Abstract
There is an urgent need to understand the pathogenesis of the severe acute respiratory syndrome coronavirus clade 2 (SARS-CoV-2) that leads to COVID-19 and respiratory failure. Our study is to discover differentially expressed genes (DEGs) and biological signaling pathways by using a bioinformatics approach to elucidate their potential pathogenesis. The gene expression profiles of the GSE150819 datasets were originally produced using an Illumina NextSeq 500 (Homo sapiens). KEGG (Kyoto Encyclopedia of Genes and Genomes) and GO (Gene Ontology) were utilized to identify functional categories and significant pathways. KEGG and GO results suggested that the Cytokine-cytokine receptor interaction, P53 signaling pathway, and Apoptosis are the main signaling pathways in SARS-CoV-2 infected human bronchial organoids (hBOs). Furthermore, NFKBIA, C3, and CCL20 may be key genes in SARS-CoV-2 infected hBOs. Therefore, our study provides further insights into the therapy of COVID-19.
Introduction
The coronavirus disease-19 (COVID-19) pandemic caused by severe acute respiratory syndrome coronavirus 2 (SARS-CoV-2) has spread globally (1). Coronaviruses are single-stranded ribonucleic acids (ssRNA) which contain genome sizes ranging from 26 to 32kb (2). SARS-CoV-2 is formed with structural proteins such as spike glycoproteins, membrane glycoproteins, envelope and nucleocapsid proteins, and other non-structural proteins including papain-like proteases and coronavirus main proteases (3). The infection of cells may trigger host immunity to eliminate viral infections (4). However, an insufficient immune response may cause severe damage to patients. Most of the serious infected patients have invasive lesions and are accompanied by inflammation, respiratory distress syndrome, and death (5). This virus may lead to a difficult-to-treat disease which affects not only cilia activities but also wide signaling pathways. Moreover, the human bronchial epithelial cells with ACE2 receptors are the gates for the SARS-CoV-2 invasion (6). Microarray technologies on COVID-19 have been performed in several studies (7, 8). However, the shortcomings of microarray, such as the limited sample size (9), lead to a major challenge to the understanding of key pathogenesis of COVID-19.

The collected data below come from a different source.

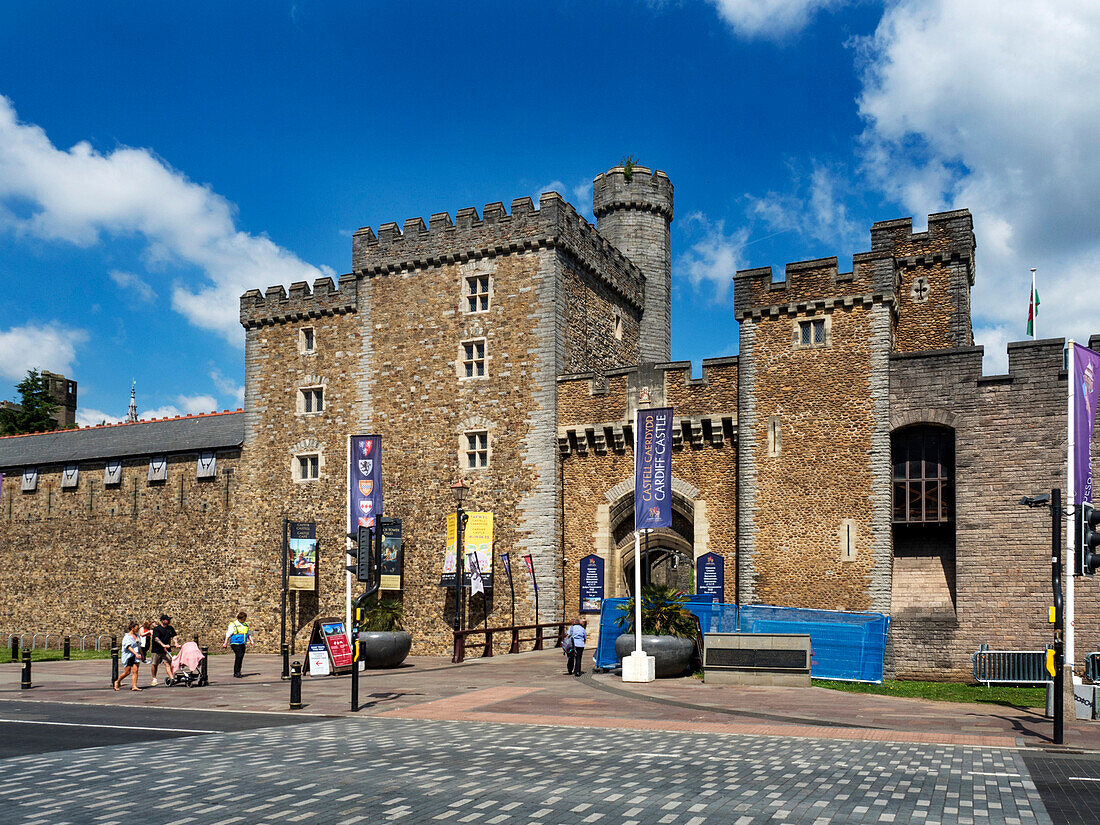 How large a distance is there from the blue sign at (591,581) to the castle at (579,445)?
0.68 m

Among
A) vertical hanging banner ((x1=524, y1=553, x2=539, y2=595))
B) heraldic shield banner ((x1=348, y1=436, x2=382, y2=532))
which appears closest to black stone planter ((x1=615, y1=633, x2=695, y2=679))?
vertical hanging banner ((x1=524, y1=553, x2=539, y2=595))

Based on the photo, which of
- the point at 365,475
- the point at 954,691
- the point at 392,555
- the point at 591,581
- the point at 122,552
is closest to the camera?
the point at 954,691

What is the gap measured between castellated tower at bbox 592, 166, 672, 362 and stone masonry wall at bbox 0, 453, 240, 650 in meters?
17.3

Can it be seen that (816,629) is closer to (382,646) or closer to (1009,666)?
(1009,666)

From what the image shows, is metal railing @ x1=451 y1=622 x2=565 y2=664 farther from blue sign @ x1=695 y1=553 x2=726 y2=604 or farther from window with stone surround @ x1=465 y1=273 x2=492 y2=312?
window with stone surround @ x1=465 y1=273 x2=492 y2=312

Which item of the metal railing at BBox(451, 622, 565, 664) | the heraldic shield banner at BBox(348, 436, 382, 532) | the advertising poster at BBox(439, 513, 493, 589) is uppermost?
the heraldic shield banner at BBox(348, 436, 382, 532)

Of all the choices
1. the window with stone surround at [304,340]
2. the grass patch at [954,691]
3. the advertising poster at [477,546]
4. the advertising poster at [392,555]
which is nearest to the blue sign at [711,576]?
the grass patch at [954,691]

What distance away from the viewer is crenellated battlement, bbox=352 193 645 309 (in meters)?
32.9

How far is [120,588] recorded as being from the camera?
130 ft

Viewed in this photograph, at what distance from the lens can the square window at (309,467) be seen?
36.3 m

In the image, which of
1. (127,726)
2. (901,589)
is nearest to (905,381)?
(901,589)

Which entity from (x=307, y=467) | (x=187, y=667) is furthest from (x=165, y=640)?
(x=307, y=467)

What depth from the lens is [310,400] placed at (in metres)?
37.1

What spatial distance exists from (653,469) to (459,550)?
7.00 metres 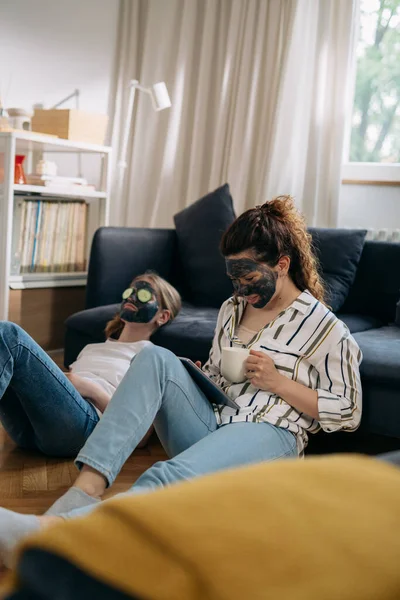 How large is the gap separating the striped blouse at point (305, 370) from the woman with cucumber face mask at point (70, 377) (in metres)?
0.38

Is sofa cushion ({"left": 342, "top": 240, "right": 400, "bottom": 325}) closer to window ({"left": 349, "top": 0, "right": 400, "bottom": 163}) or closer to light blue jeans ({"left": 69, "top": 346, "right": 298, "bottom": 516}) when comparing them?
window ({"left": 349, "top": 0, "right": 400, "bottom": 163})

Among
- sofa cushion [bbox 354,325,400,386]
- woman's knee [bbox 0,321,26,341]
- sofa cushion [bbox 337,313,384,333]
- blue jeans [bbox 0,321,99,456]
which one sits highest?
woman's knee [bbox 0,321,26,341]

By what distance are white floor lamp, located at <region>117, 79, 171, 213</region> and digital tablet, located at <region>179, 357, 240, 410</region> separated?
2.49 m

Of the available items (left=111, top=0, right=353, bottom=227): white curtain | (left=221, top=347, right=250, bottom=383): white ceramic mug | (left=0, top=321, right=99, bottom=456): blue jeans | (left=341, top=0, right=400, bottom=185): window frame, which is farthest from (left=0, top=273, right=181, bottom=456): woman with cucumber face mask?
(left=341, top=0, right=400, bottom=185): window frame

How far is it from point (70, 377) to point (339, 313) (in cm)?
144

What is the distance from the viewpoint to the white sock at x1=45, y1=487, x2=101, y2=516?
1603 mm

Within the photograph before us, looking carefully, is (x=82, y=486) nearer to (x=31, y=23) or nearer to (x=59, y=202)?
(x=59, y=202)

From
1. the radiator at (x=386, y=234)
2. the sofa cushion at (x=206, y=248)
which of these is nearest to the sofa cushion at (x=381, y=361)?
the sofa cushion at (x=206, y=248)

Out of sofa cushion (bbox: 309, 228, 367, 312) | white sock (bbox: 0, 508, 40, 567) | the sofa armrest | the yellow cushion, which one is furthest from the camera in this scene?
the sofa armrest

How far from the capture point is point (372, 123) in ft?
14.1

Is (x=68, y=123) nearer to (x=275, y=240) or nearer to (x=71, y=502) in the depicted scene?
(x=275, y=240)

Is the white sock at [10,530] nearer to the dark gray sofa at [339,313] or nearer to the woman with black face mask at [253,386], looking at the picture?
the woman with black face mask at [253,386]

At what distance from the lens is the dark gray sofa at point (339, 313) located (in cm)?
236

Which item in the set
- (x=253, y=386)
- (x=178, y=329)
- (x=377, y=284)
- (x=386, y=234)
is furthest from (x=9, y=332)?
(x=386, y=234) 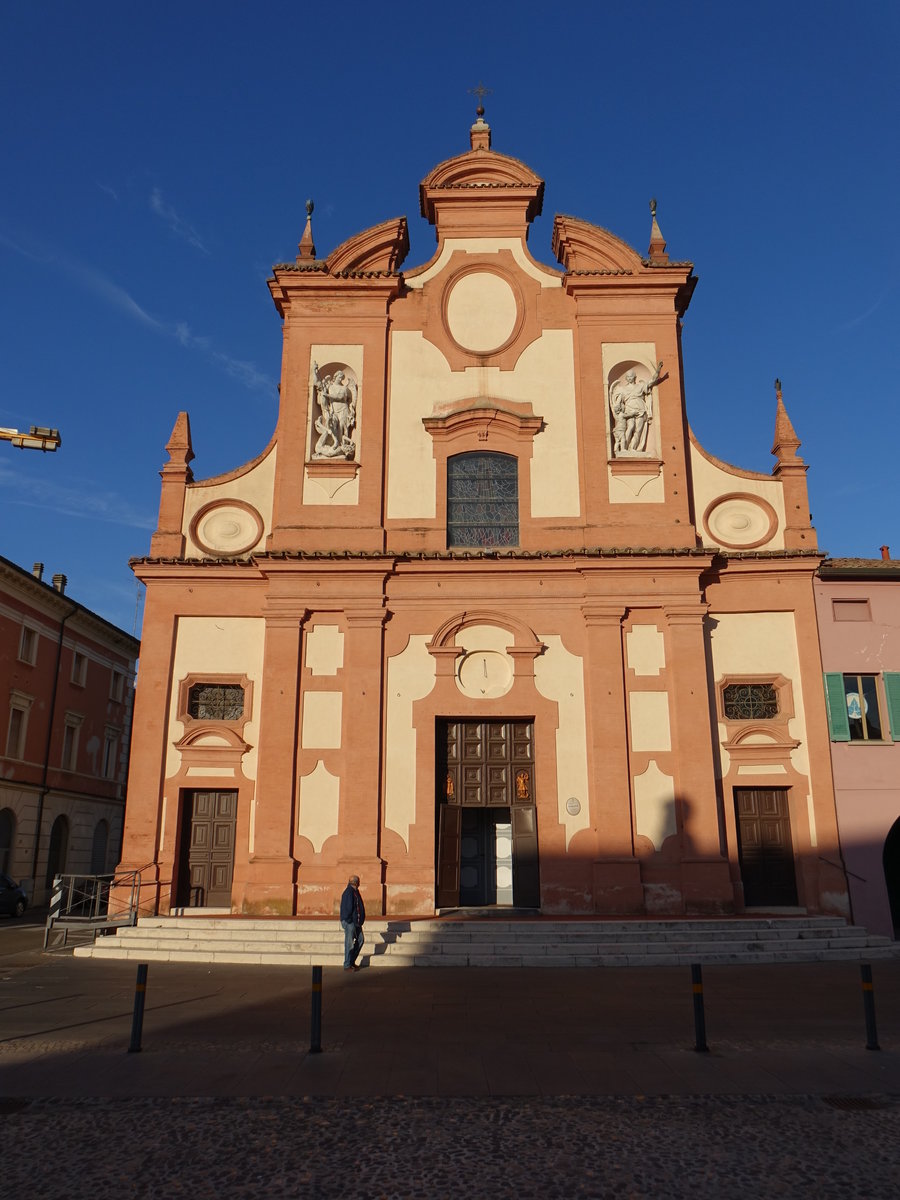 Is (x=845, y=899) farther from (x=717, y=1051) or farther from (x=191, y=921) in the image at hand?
(x=191, y=921)

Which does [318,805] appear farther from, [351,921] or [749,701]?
[749,701]

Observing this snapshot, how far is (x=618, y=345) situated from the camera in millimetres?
22375

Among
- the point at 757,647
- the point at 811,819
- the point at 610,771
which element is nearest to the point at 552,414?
the point at 757,647

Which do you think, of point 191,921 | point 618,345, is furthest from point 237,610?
point 618,345

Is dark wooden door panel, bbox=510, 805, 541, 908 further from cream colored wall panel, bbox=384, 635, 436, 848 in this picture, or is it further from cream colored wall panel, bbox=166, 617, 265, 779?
cream colored wall panel, bbox=166, 617, 265, 779

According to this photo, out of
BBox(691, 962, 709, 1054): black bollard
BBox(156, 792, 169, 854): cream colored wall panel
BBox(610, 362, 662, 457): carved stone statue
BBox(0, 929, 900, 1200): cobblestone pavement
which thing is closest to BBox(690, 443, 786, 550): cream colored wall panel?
BBox(610, 362, 662, 457): carved stone statue

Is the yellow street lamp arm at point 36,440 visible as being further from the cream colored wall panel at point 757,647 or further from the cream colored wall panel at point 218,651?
the cream colored wall panel at point 757,647

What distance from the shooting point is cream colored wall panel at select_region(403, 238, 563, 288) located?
2302 cm

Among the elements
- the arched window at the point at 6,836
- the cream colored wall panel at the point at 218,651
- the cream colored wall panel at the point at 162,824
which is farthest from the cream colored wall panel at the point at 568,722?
the arched window at the point at 6,836

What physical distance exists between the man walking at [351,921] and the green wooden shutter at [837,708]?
36.1ft

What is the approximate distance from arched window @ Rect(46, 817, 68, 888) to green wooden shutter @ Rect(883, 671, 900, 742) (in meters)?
27.9

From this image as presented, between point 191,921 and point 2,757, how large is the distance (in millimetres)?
15324

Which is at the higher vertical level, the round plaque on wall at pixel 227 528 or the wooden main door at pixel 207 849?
the round plaque on wall at pixel 227 528

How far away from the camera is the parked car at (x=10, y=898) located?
1031 inches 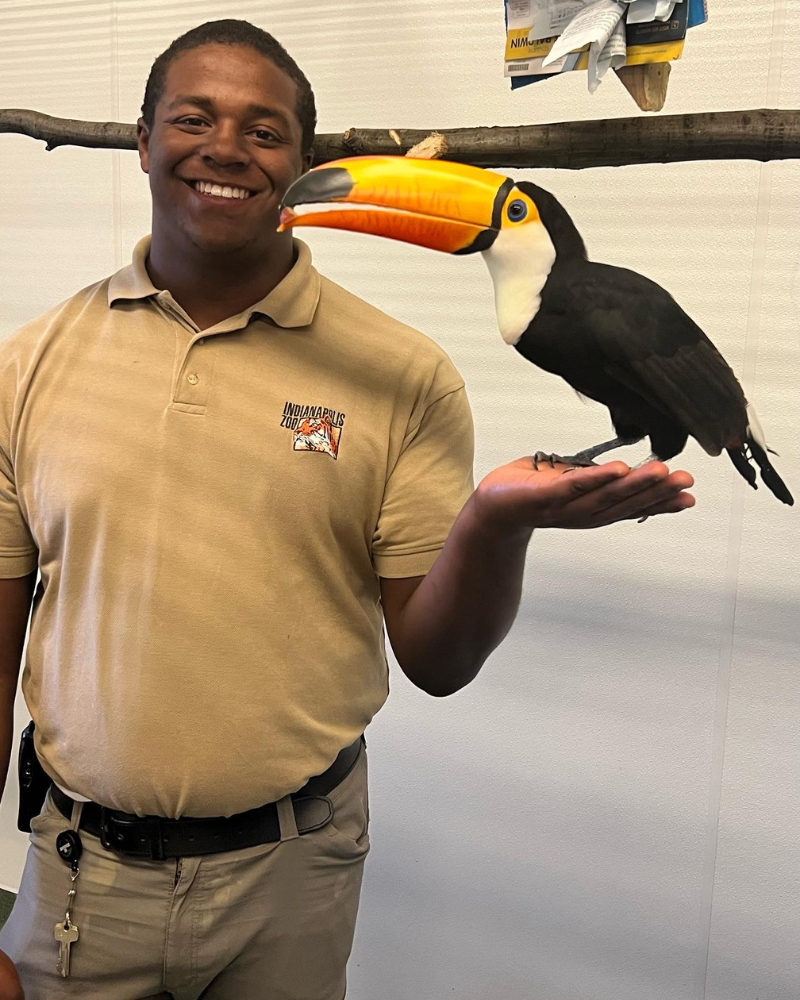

In this study, we investigated the effect of SARS-CoV-2 on human bronchial organoids (hBOs) which were generated from primary human bronchial epithelial cells (hBEpC). We analyzed the GEO data (GSE150819), provided by Okamoto T and Takayama K (Osaka University), from the Gene Expression Omnibus database (http://www.ncbi.nlm.nih.gov/geo/) to identify DEGs and the relevant biological processes by utilizing comprehensive bioinformatics analysis. These pathogenetic genes and pathways could be the targets for future therapeutic interventions.
Methods
Data resources
Gene expression profile dataset GSE150819 was downloaded from the GEO database (http://www.ncbi.nlm.nih.gov/geo/). The data was produced by using an Illumina NextSeq 500 (Homo sapiens) (Research Institute for microbial diseases, Osaka University, Suita, Osaka, Japan).
Data acquisition and preprocessing
The raw microarray data files between SARS-CoV-2 infected human bronchial organoids (hBOs) from commercially available cryopreserved primary human bronchial epithelial cells (hBEpC) and uninfected controls were subsequently conducted by R script. We utilized a classical t-test to identify DEGs with P<.05 and fold change ⩾1.5 as being statistically significant.
Gene Ontology (GO) and pathway enrichment analysis of DEGs
Gene Ontology (GO) analysis and the Kyoto Encyclopedia of Genes and Genomes (KEGG) database are commonly used for systematic analysis of gene functions and annotation of biological pathways. GO analysis and KEGG pathway enrichment analysis of DEGs in this study were performed by the Database for Annotation, Visualization, and Integrated Discovery (DAVID) (http://david.ncifcrf.gov/) online tools. P<0.05 and gene counts >10 were considered statistically significant.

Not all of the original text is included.